Attorneys for Condé Nast likely violated a confidentiality agreement with Pitchfork Music Festival founder Mike Reed when they made public details of an AAA arbitration hearing and depositions with the Chicago promoter, sources tell Decibel.

The disclosures, made in a last-minute lawsuit the media company filed in federal court on July 6, could result in legal sanctions against the publisher, sources say, and threaten to derail months of private arbitration between Condé Nast and Reed's company as the two sides worked to quietly wind down the festival.

On November 11, 2024, the Anna Wintour-affiliated media company announced it was canceling the festival after more than 20 years of successfully staging Pitchfork at Union Park in Chicago.

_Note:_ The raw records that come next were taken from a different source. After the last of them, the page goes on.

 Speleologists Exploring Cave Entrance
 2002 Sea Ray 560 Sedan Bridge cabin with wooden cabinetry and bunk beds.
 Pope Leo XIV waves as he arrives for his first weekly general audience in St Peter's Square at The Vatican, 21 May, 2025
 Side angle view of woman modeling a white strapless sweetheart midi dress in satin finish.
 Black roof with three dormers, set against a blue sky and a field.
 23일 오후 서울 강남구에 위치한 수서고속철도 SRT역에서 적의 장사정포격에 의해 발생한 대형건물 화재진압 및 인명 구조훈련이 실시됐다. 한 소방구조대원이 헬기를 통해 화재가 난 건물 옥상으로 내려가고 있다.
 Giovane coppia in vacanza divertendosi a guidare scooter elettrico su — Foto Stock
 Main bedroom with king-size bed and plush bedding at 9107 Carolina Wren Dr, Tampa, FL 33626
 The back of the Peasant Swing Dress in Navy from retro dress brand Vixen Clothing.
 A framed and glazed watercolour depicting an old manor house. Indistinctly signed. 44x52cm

The demise of Pitchfork is the latest example of why major festivals and legacy media companies — especially print brands pivoting toward live events — are a bad match. It's a counterintuitive failure, because festivals and magazines look like the same platform: a place where a handful of marquee names draw the crowd while the undercard gets the exposure it needs to build a career. But the jobs, the business models, and the incentives underneath that surface resemblance don't line up. Media executives tend to view live events as a cash infusion for balance sheets strained by the collapse of print advertising. The reality is different — most media companies don't understand the festivals they're buying, and their ownership tends to accelerate whatever problems the event already had.

I'd know. I worked at one of the largest media companies to attempt a serious expansion into the festival business — Penske Media. I'm not violating my non-disparagement agreement with Penske when I say its track record in live music speaks for itself.